(PROBLEM REQUIREMENTS): The pictures are to be omitted when the entries are reproduced exactly.

*** DATA SHOWN ***

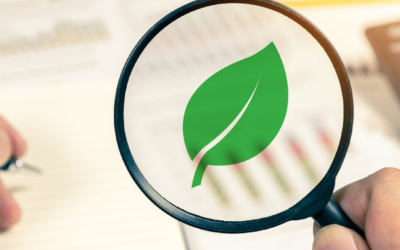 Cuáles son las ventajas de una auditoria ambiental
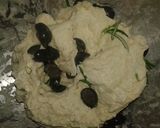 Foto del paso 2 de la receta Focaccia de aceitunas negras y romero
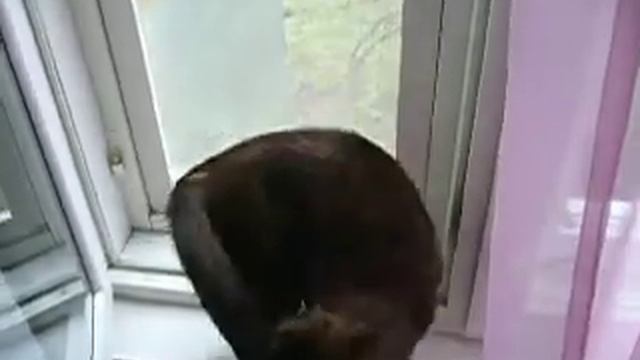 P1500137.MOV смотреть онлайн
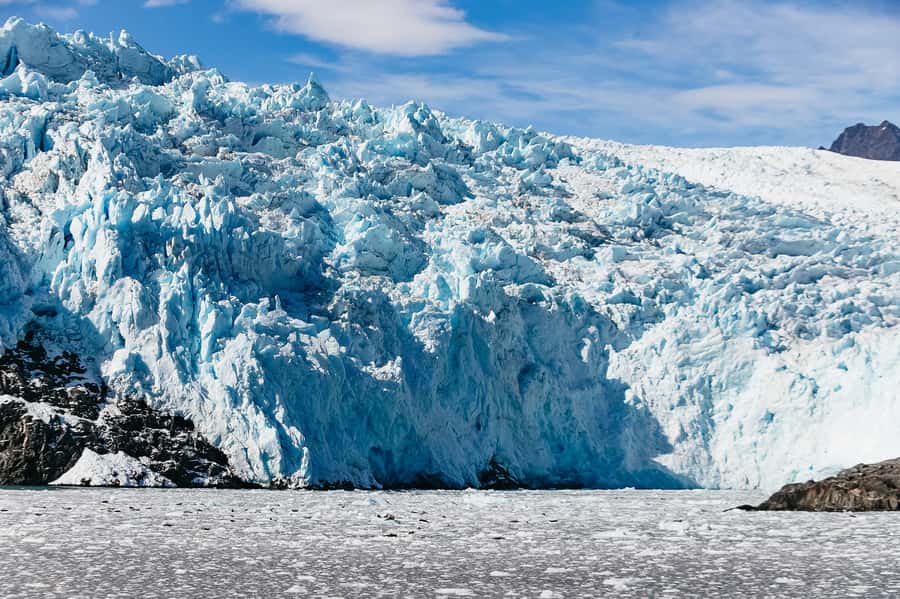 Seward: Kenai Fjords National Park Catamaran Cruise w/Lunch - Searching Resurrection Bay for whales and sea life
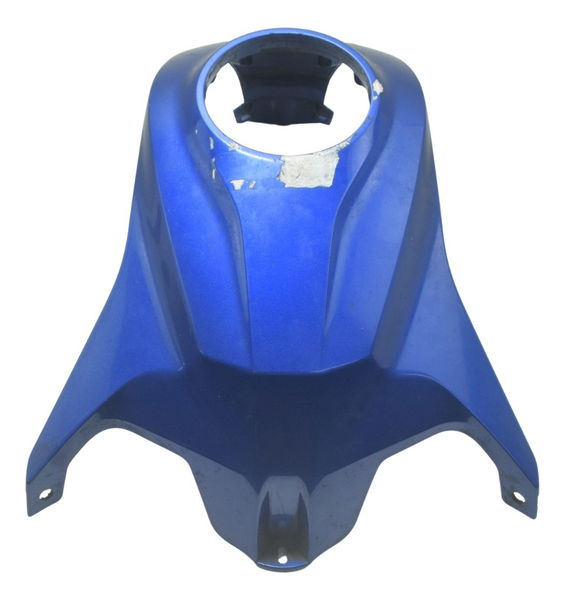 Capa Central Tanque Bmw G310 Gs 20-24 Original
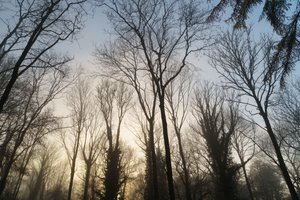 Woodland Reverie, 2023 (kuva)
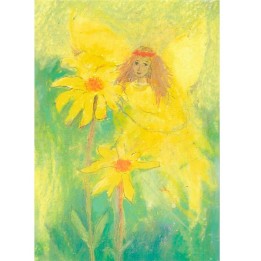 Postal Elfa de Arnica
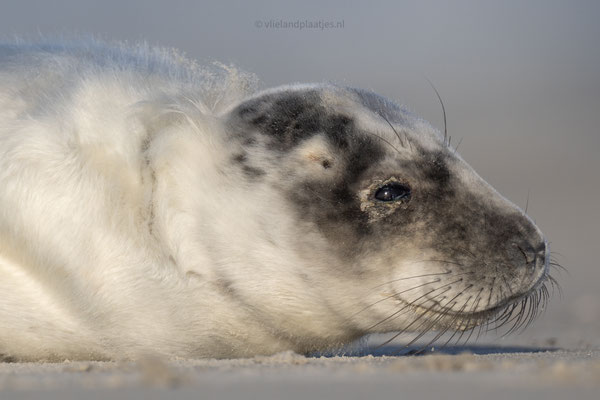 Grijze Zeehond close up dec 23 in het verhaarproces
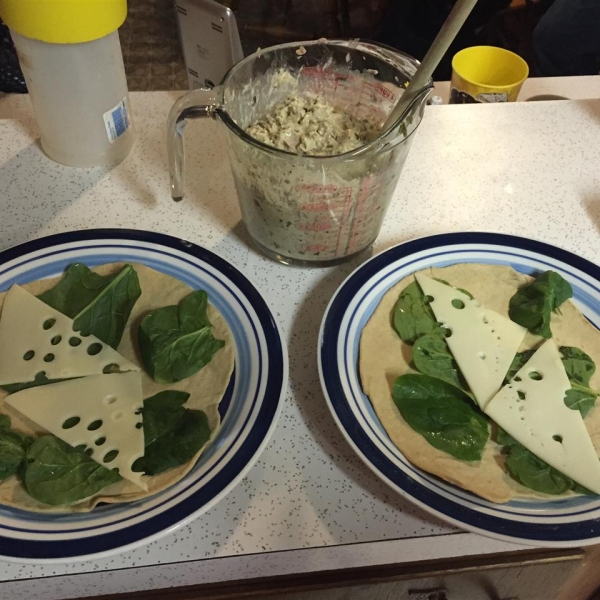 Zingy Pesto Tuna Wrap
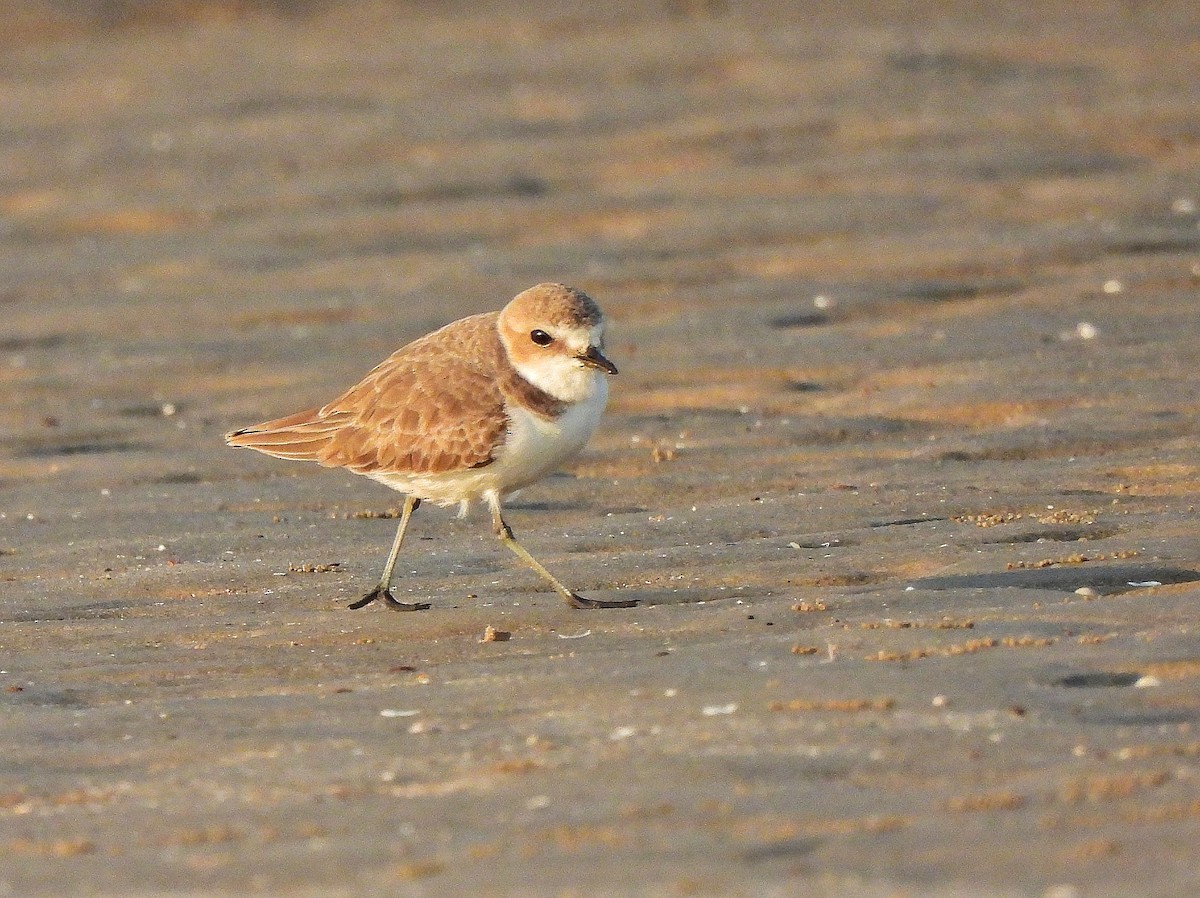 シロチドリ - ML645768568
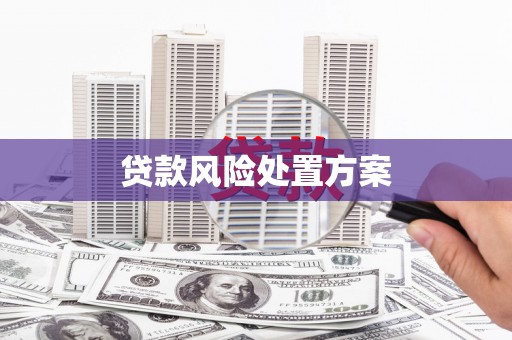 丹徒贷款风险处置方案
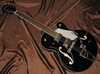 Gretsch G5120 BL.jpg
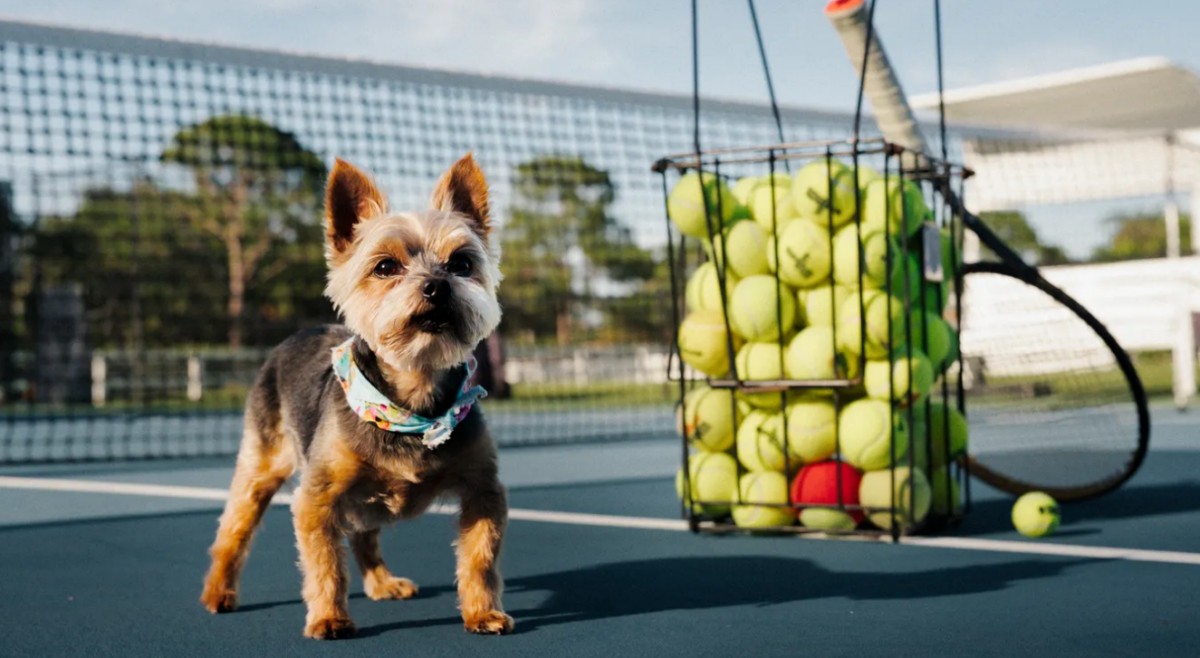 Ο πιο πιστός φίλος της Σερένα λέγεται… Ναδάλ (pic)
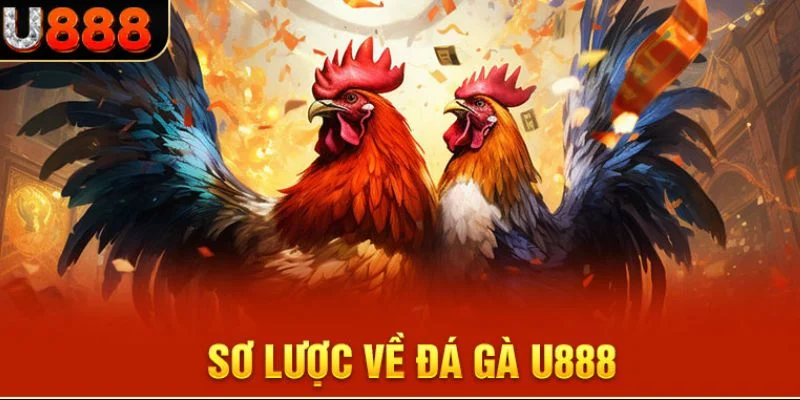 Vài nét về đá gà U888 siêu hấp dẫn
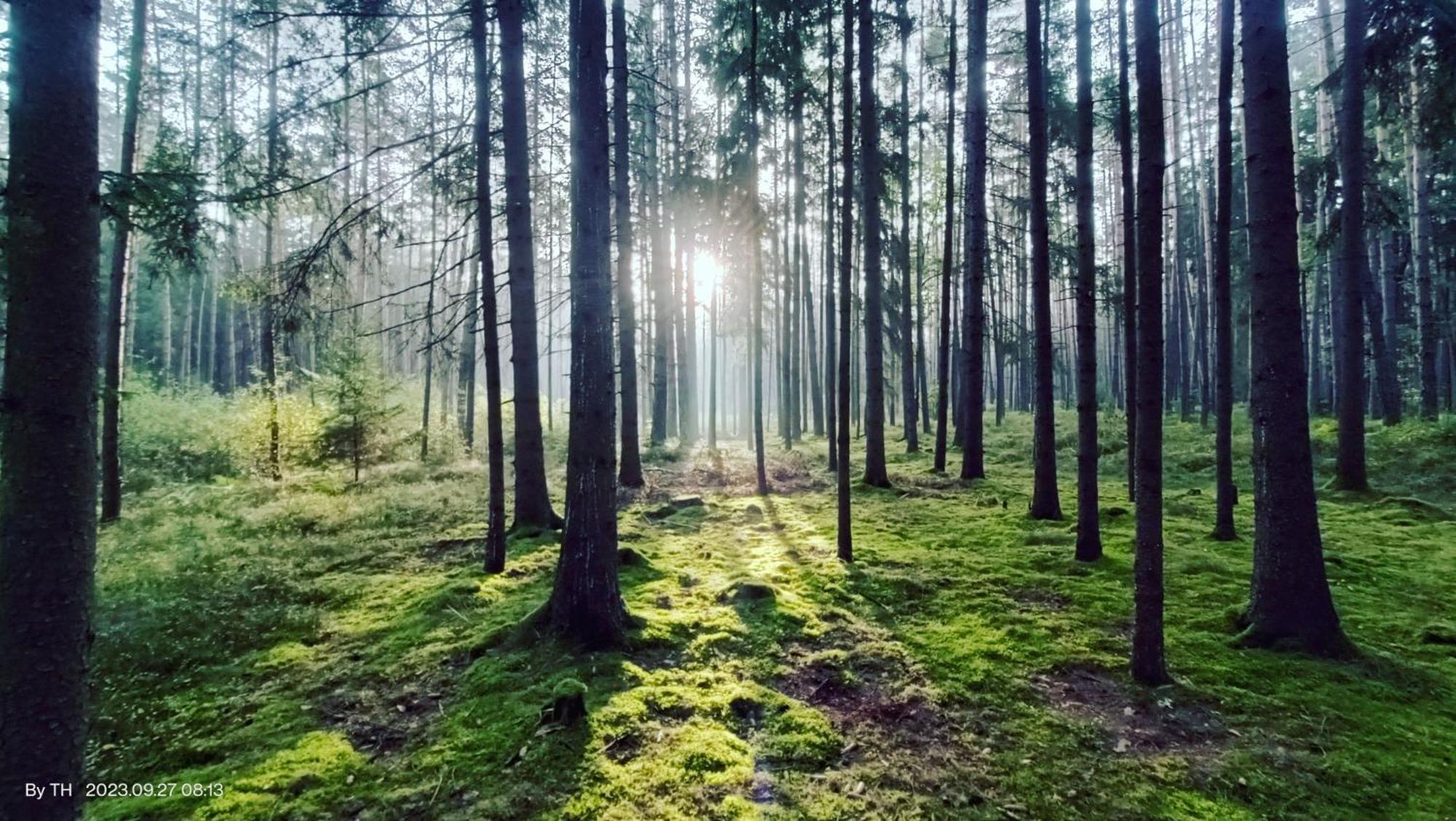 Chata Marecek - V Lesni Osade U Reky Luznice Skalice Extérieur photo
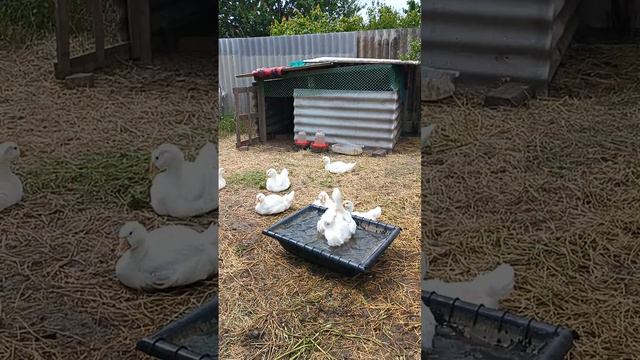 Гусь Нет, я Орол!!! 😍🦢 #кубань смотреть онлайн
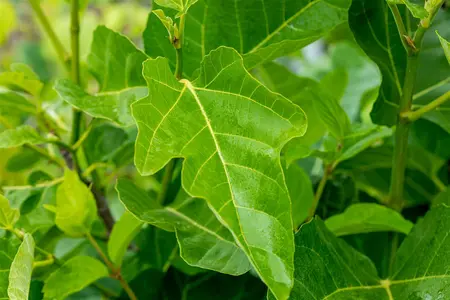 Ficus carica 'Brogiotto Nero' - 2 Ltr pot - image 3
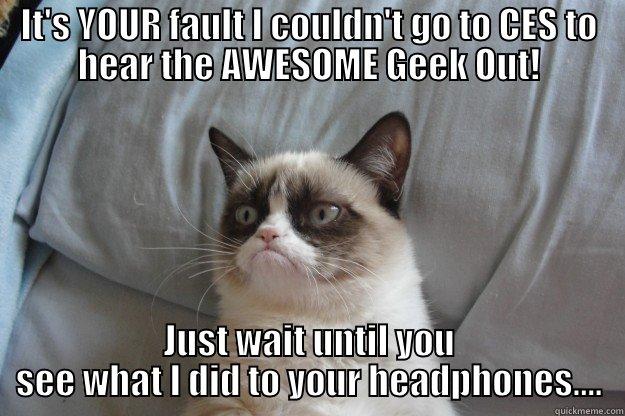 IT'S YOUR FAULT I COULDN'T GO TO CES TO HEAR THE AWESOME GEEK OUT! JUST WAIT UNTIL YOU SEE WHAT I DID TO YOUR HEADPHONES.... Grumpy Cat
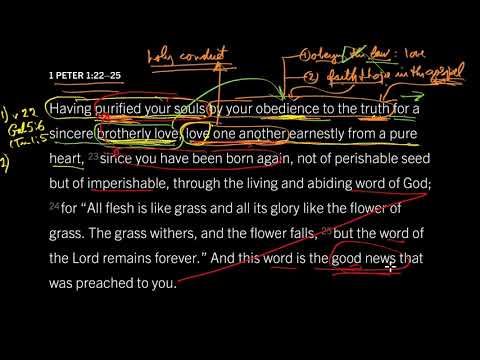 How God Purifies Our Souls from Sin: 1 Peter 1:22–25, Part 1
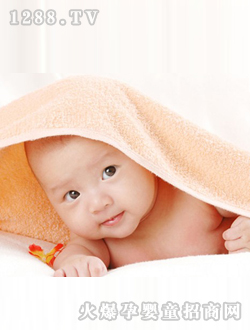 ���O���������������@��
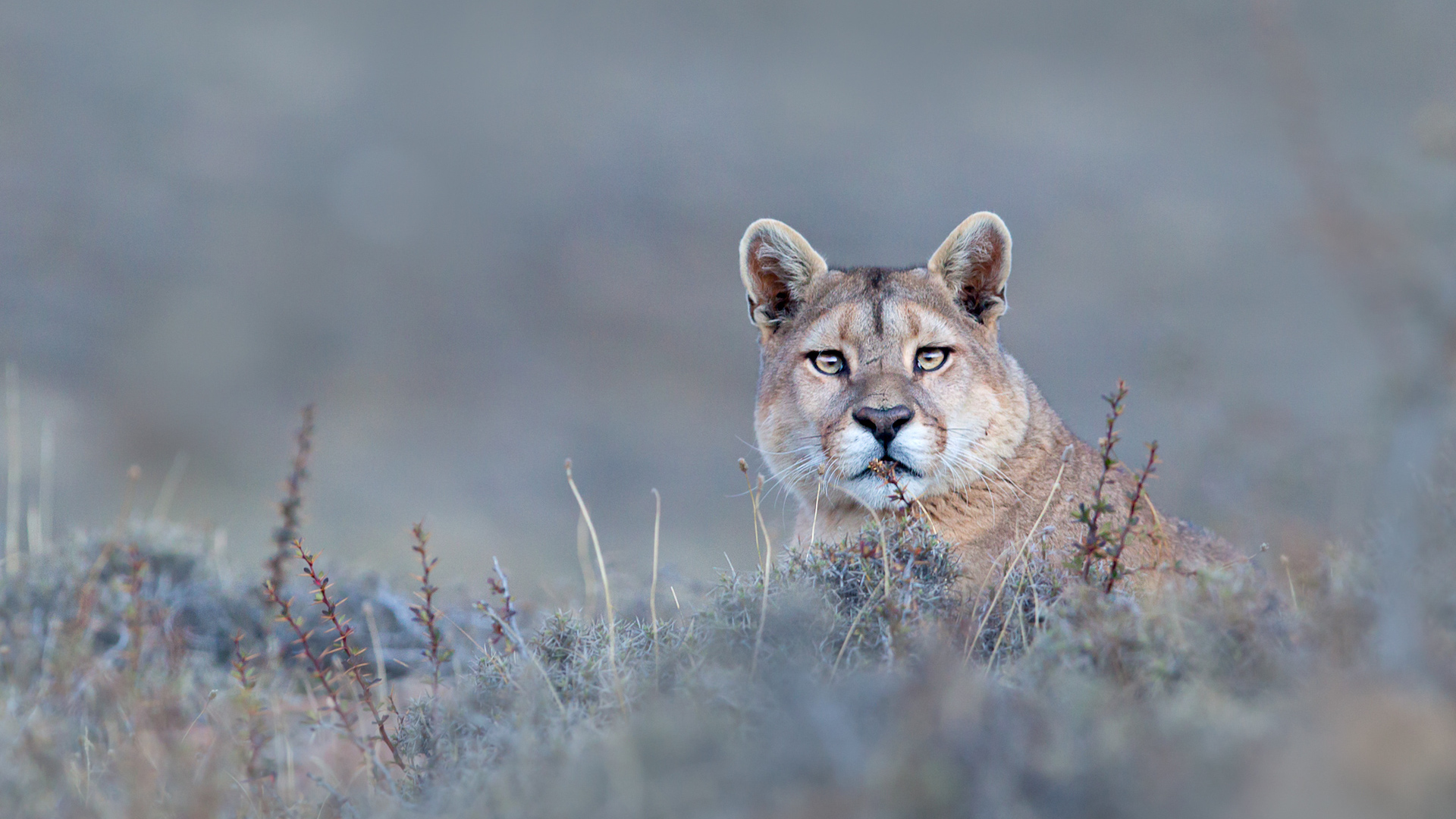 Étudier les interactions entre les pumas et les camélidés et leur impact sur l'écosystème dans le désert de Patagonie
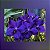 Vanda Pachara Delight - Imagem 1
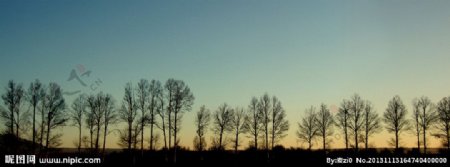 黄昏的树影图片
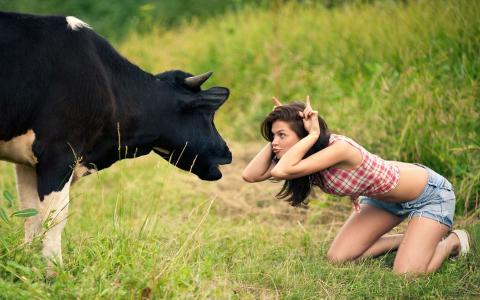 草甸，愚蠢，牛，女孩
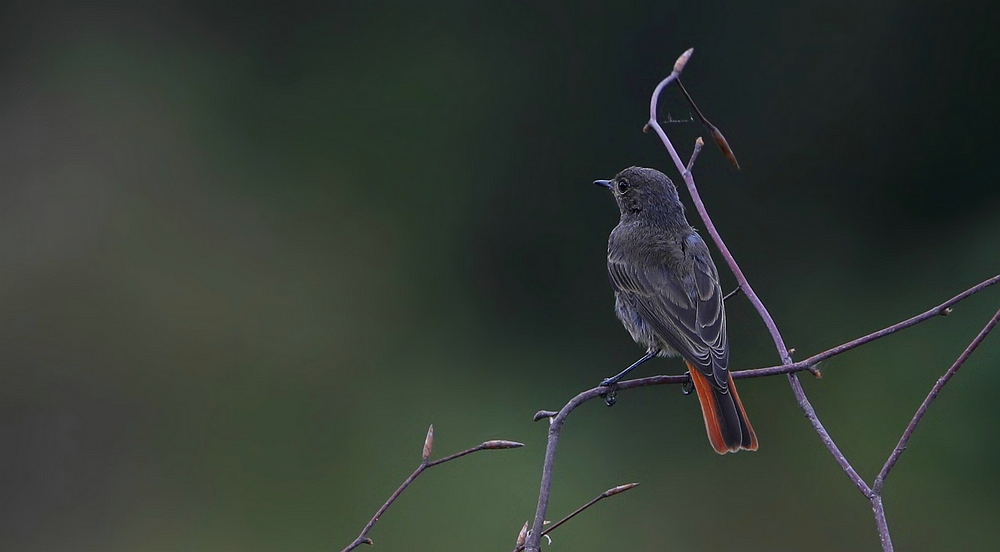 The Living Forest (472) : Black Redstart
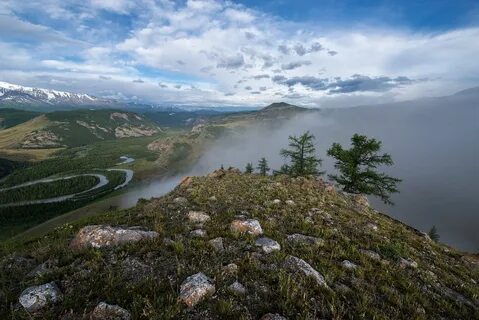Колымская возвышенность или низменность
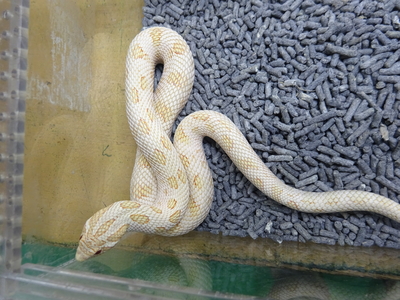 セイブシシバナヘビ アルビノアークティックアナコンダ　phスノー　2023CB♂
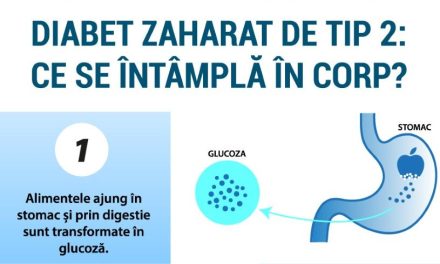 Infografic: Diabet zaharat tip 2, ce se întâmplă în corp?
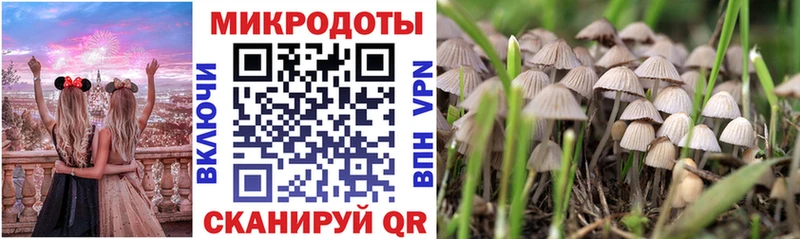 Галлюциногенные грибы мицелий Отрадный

*** End of DATA SHOWN ***

(RESPONSE TO THE TASK):
 Cuáles son las ventajas de una auditoria ambiental
 Foto del paso 2 de la receta Focaccia de aceitunas negras y romero
 P1500137.MOV смотреть онлайн
 Seward: Kenai Fjords National Park Catamaran Cruise w/Lunch - Searching Resurrection Bay for whales and sea life
 Capa Central Tanque Bmw G310 Gs 20-24 Original
 Woodland Reverie, 2023 (kuva)
 Postal Elfa de Arnica
 Grijze Zeehond close up dec 23 in het verhaarproces
 Zingy Pesto Tuna Wrap
 シロチドリ - ML645768568
 丹徒贷款风险处置方案
 Gretsch G5120 BL.jpg
 Ο πιο πιστός φίλος της Σερένα λέγεται… Ναδάλ (pic)
 Vài nét về đá gà U888 siêu hấp dẫn
 Chata Marecek - V Lesni Osade U Reky Luznice Skalice Extérieur photo
 Гусь Нет, я Орол!!! 😍🦢 #кубань смотреть онлайн
 Ficus carica 'Brogiotto Nero' - 2 Ltr pot - image 3
 IT'S YOUR FAULT I COULDN'T GO TO CES TO HEAR THE AWESOME GEEK OUT! JUST WAIT UNTIL YOU SEE WHAT I DID TO YOUR HEADPHONES.... Grumpy Cat
 How God Purifies Our Souls from Sin: 1 Peter 1:22–25, Part 1
 ���O���������������@��
 Étudier les interactions entre les pumas et les camélidés et leur impact sur l'écosystème dans le désert de Patagonie
 Vanda Pachara Delight - Imagem 1
 黄昏的树影图片
 草甸，愚蠢，牛，女孩
 The Living Forest (472) : Black Redstart
Колымская возвышенность или низменность
 セイブシシバナヘビ アルビノアークティックアナコンダ　phスノー　2023CB♂
 Infografic: Diabet zaharat tip 2, ce se întâmplă în corp?
 Галлюциногенные грибы мицелий Отрадный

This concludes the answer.